● RECORDS PROVIDED:
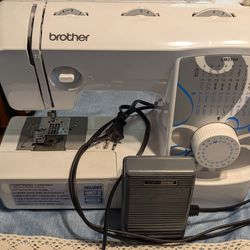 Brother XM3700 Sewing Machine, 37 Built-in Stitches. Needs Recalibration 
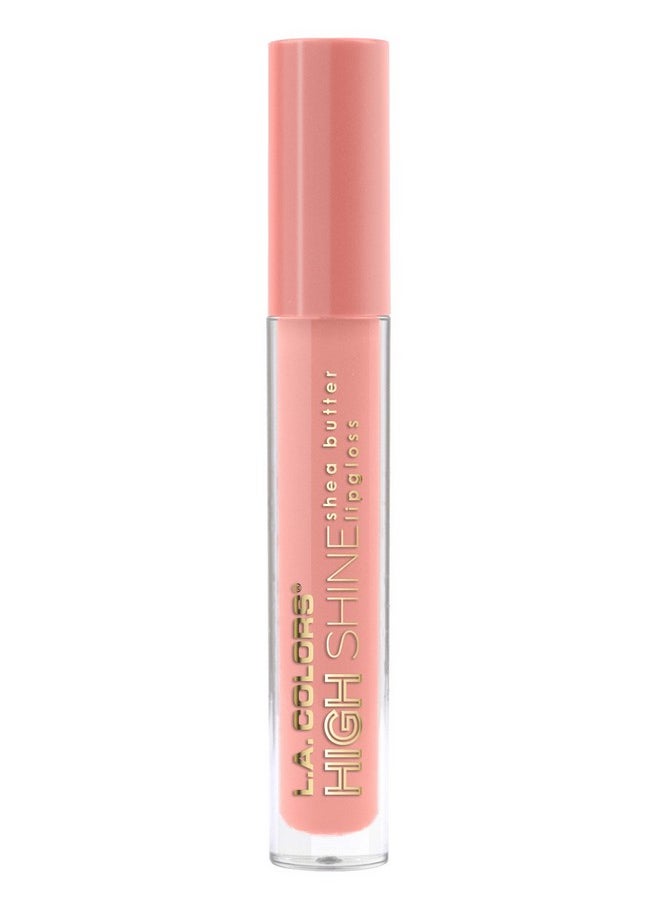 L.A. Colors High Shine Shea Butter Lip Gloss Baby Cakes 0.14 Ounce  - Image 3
--
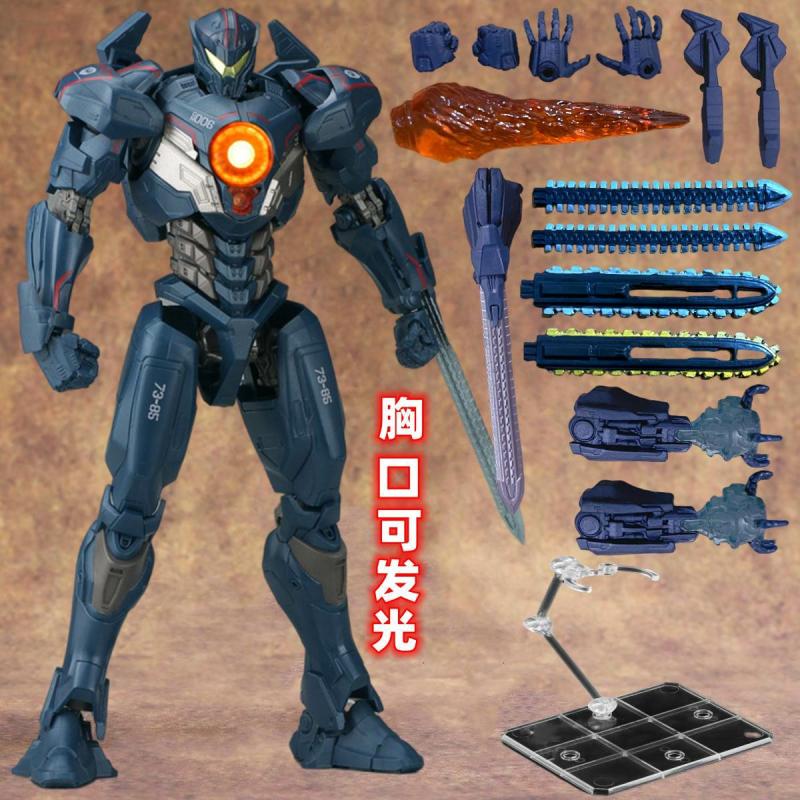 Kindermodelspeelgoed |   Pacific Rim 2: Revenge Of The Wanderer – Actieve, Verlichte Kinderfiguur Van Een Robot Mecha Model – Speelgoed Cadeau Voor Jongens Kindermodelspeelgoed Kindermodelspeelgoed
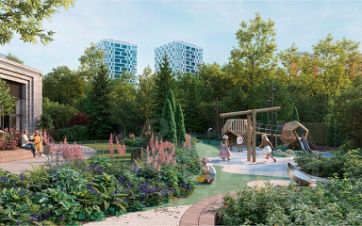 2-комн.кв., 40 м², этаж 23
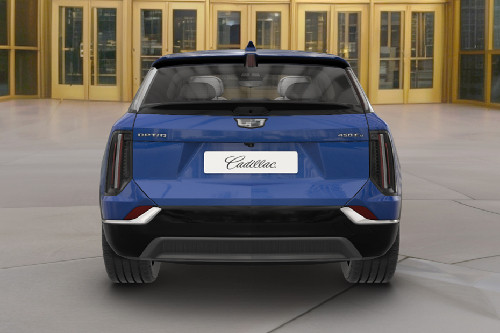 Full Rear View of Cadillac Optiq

● ACTIVITY: Copy exactly the lines of the listing above between the one holding "Brother XM3700 Sewing" and the one holding "L.A. Colors High", inclusive; omit all pictures.

● ANSWER:
 Brother XM3700 Sewing Machine, 37 Built-in Stitches. Needs Recalibration 
 L.A. Colors High Shine Shea Butter Lip Gloss Baby Cakes 0.14 Ounce  - Image 3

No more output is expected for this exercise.